Thursday 5 March 2015

Only mass default will end the world's addiction to debt

The world is sinking under a sea of debt, private as well as public, and it is increasingly hard to see how this might end, except in some form of mass default.
Greece we already know about, but the coming much wider outbreak of debt repudiation will not be confined to sovereign nations. Last week, there was another foretaste of what’s to come in developments at Austria’s failed Hypo Alpe-Adria-Bank International . Taxpayers have had enough of paying for the country’s increasingly crisis-ridden banking sector, and have determined to bail in private creditors to the remnants of this financial road crash instead - to the tune of $8.5bn in the specific case of Hypo Alpe-Adria. Finally, creditors are being made to pay for the consequences of their own folly.
You might have thought that a financial crisis as serious as that of the past seven years would have ended the world economy’s addiction to debt once and for all. It has not. If anything, the position has grown even worse since the collapse of Lehman Brothers.
According to recent analysis by McKinsey Global Institute, global debt has increased to the tune of $57 trillion, or 17pc, since 2007, with little sign of a slowdown in sight. Much of this growth has been in emerging markets, which were comparatively unaffected by the financial crisis. Yet even in the developed West, private sector deleveraging has been limited and, in any case, more than outweighed by growing public indebtedness. The combined public sector debt of the G7 economies has grown by 40pc to around 120pc of GDP since the crisis began.
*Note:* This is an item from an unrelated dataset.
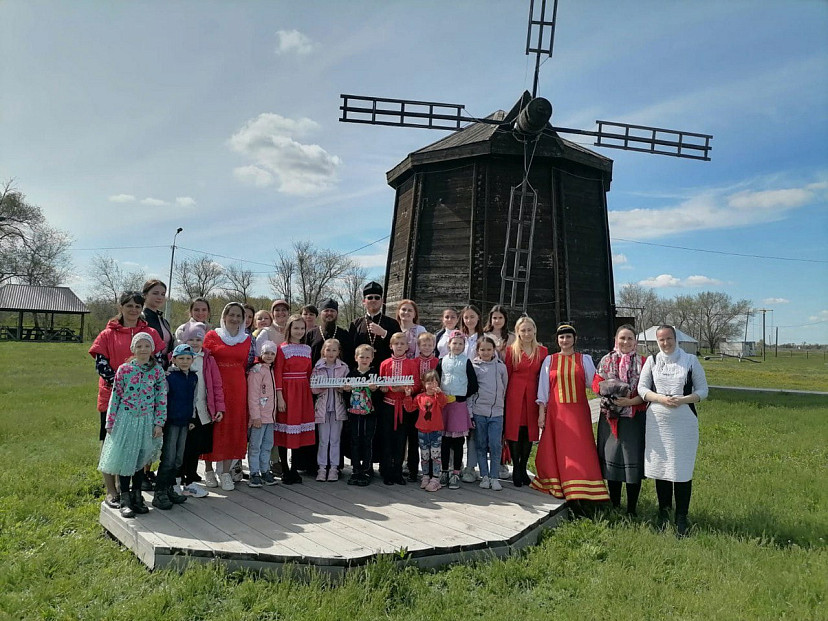 Гостей фестиваля у ветряной мельницы под Саратовом угощали куличами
There has been no overall deleveraging to speak of.
Where the West left off, Asia has taken up the pace, with a credit-induced real estate bubble that makes its pre-crisis Western counterpart look tame by comparison, much of it fuelled, as in Western economies, by growth in the shadow banking sector.
China’s total indebtedness has quadrupled since 2007 to $28 trillion, according to estimates by McKinsey. At 282pc of GDP, the debt burden is now bigger, relative to output, that the US.